When you see the kids who were on your summer running team showing up for winter runs, you know you are doing something right.

COACH’S TIPS When you are going to do something different with young runners, or even a little difficult, build it up as a big event. Make it something worthy of accomplishing. 



Q.  What are Toe Tokens?


Toe Tokens are the product of Fitness Finders Inc. and are used as incentives in fitness programs in more than 20,000 schools in all 50 states. In 2015, more than 2.5 million children walked or ran in a Mileage Club program using Toe Tokens but that, of course, does not answer what they are. They are little plastic feet in many different colors, each punched with a hole so they can go on a shoe lace or a chain. Kids earn a Toe Token for each five miles they walk or run as part of a participating school’s Mileage Club program. Fitness Finders offers other cool stuff like maps so classrooms can chart their progress on a cross-country trip. Go to for more.

Toe Tokens and Mileage Club are marks of Fitness Finders, Inc.


Q.  How does this program relate to other running programs for kids?


Most children’s running programs are mileage based, offering incentives for each mile or five miles run. Others are built on training runs leading up to a kid’s race or a “graduation” run at the end of the season. Both are very good and have resulted in millions of kids burning calories, improving cardiovascular fitness and building stronger bodies. The CENTER FOR CHILDREN’S RUNNING is not an alternative to these popular programs, but offers a way to make them better. How? By offering teachers and coaches literally hundreds of tested and proven ways to make running much more than just logging miles around cones on a playground. The CENTER FOR CHILDREN’S RUNNING prescription makes each run a new experience; it helps children discover the enjoyment, challenge and success of running and makes them want to come back for more.

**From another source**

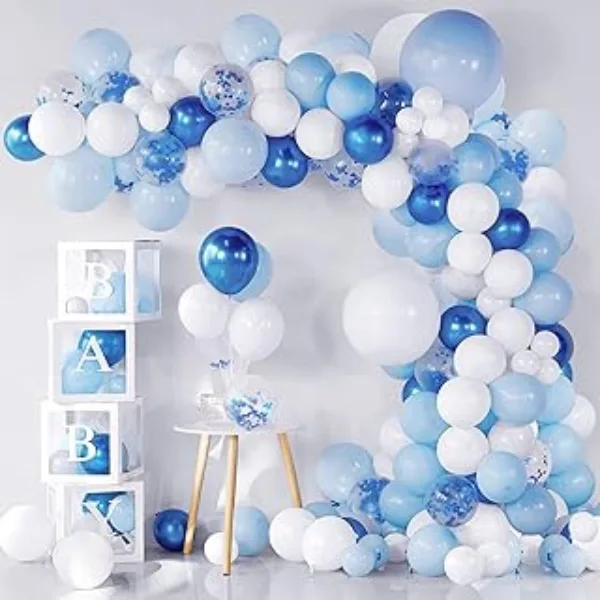 Kit arche ballons bleu et blanc 127 pièces pour décoration anniversaire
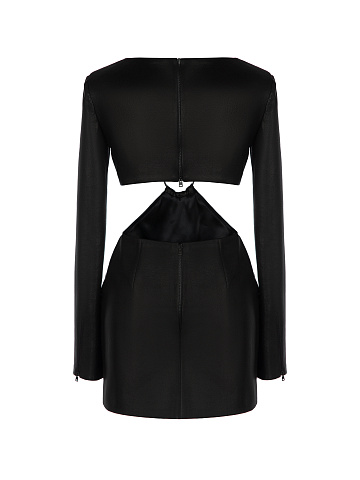 Черное платье-мини из кожи c фигурным вырезом, 2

Q.  How can we keep kids running after our program ends?


The best way to keep kids running is to create opportunities for them to run. Consider having special, one-day runs scattered throughout the entire year, each designed simply to keep kids excited about running. Have these runs tied to the holidays, changing seasons, and special community or school events. Good possibilities include a destination run, a prediction run, an after-dark “flashlight” run or even jogging as a team in a local parade. Also, encourage the kids to bring their siblings and friends. These runs can be great for recruiting.


Q.  What about parents running with their child? Good or bad?

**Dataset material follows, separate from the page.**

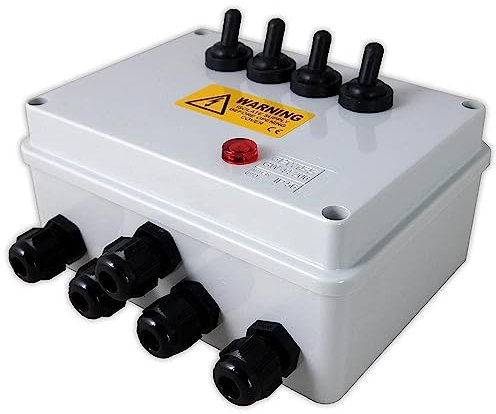 Aquacadabra 4-Way Garden Switch Box Weatherproof for Outdoor Pond Garden Electrics with Neon Indicator: Control Pond Pumps, Lights and Filters Safely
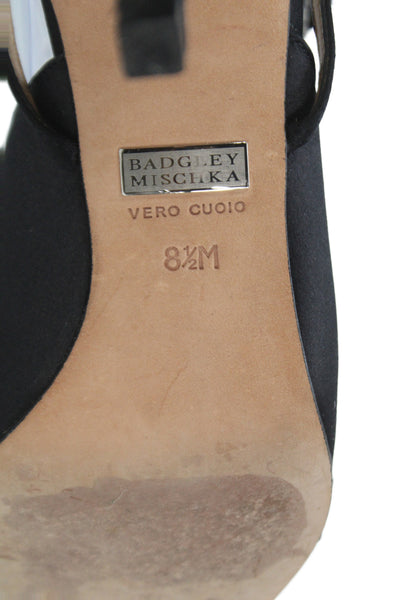 Badgley Mischka Womens Crystal Detail Open Toe Heels Shoes Black Size 8.5M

To see a parent running with his or her young child is gratifying, at least most of the time. It gets even better when the child is laughing, having fun and setting the pace them self.  But it is not so good when the child struggles to keep up, or stops to walk only to have the parent tell them to get tough or gut it out. Fortunately, most are loving parents who only want to help their child enjoy running. Some, however, need to learn how to do that. It starts with running with your child either before, after, or completely separate from when you plan your own run.  Be sure to make the run simple and fun. Maybe just play tag, do an obstacle course or run to the corner store for a cone. 


Q.  Should children compete in road races?


Most governing bodies for school athletics, to prevent injuries, set 3200 meters as the longest distance for middle school track or cross country competitions. Yet children, six, seven and eight years old, are allowed to enter distance runs that are much longer, simply by the parents paying the entry fee. Think of it this way. It takes a young child two or three times as many strides to cover a mile as it does an adult. If a child runs a 5K road race they are churning out nearly as many strides as a fairly good adult runner does in a 10K race or longer. That is a lot of pounding on physically immature joints and cartilage. Let’s error on the safe side and let young children run the Fun Runs and leave the adult races to the adults.


Q.  Kids’ FUN RUNs: Are they good for kids?


FUN RUNs, often a side event to a local road race, can be great fun for kids. Just don’t make too big a deal over it. As for parents running with their child, fine, but only if the child wants you to. Just don’t think you need to be a pacesetter or coach. Run beside your child or even slightly behind, letting the child set the pace. This is their run. Let them enjoy it. If your child has left you in a cloud of dust, your job is done. Just jog to the finish and discreetly step off the course. And be ready to give high-fives, big hugs and whatever else you normally do for a job well done.